Data centre construction boom shifts focus to emerging markets
The boom in the data centre construction sector is increasingly focusing on emerging markets, according to Turner & Townsend's Data Centre Cost Index 2023. While the global cost to construct data centres has risen by 6% in the last year, this rise soars to as high as 22% in emerging markets.
While the five most expensive locations for data centre construction remain Tokyo, Zurich, Silicon Valley, New Jersey, and Singapore, a considerable shift in the rankings reveals the rise of several Asian markets. Tokyo has toppled Zurich to top the list at USD$13.7 per watt. Jakarta at USD$10.5 per watt and Kuala Lumpur at USD$10 per watt have made notable jumps, claiming the seventh and tenth spots respectively.
A rapid rise in construction costs in emerging markets characterises the year-on-year trend. Average global cost increases from 2022 to 2023 stand at 6%, a dip from the 8% rise in 2022. However, seven emerging markets across Asia, Africa, and Latin America have witnessed a significant hike in construction prices, ranging from 11 to 22%.
South-East Asian markets like Jakarta and Kuala Lumpur have seen remarkable traction, with Kuala Lumpur grabbing the 13th position overall. The rapid digitalisation and economic development taking place in these regions are spawning fresh opportunities in underdeveloped markets.
Riyadh, in the Kingdom of Saudi Arabia, has made its first appearance in the index with an average construction cost of US$10 per watt.

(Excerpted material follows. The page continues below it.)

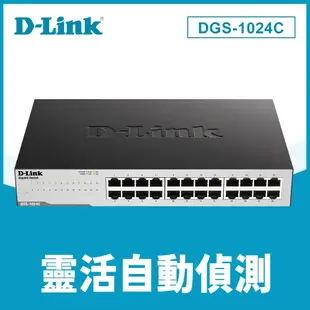 D-Link 友訊 DGS-1024C 非網管節能型 24埠10/100/1000BASE-T超高速乙太網路交換器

This is largely due to robust investment in digital connectivity and a series of mega-projects aiming to support national development plans.
The gap in construction costs between conventional hubs and some emerging locations is narrowing, as demonstrated by the significant price increase in Cape Town, up to US$7.9 per watt from US$6.5, and Tokyo, which saw an increase from US$11.4 to US$13.7 per watt.

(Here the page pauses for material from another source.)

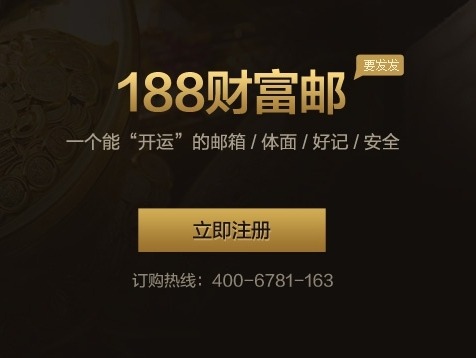 188财富邮箱网页版入口-188财富邮箱登录入口官网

High demand for data centres continues to face hurdles of labour shortages, pushing up costs further. A whopping 94% of survey participants reported skills deficits, and 85% confirmed "hot" or "overheating" conditions. On another note, 92% of respondents stated that power availability now outweighs geographical location in importance when deciding where to construct data centres.
Eyeing the increasing demand for artificial intelligence (AI), 88% of respondents confirmed that data centre capacity's demand for AI is escalating rapidly. Consequently, the power requirement for these energy-hungry data centres is expected to grow.
Despite the setbacks in data centre construction, the industry remains optimistic, with 79% identifying the sector as recession-proof.
Rebecca Best, Director, UK Data Centre Cost Management Lead at Turner & Townsend, said, "The data centre sector continues to provide immense opportunity. As individuals and businesses, our reliance on data is set to be further accelerated through the growth of artificial intelligence and machine learning. However, on the other side of the coin are challenges to delivery, including power availability, supply chain issues, skills shortages and increases in construction costs."
Best believes the industry needs better collaboration and investment in solutions, especially concerning power requirements, to overcome these hurdles and ensure the sector's long-term sustainability.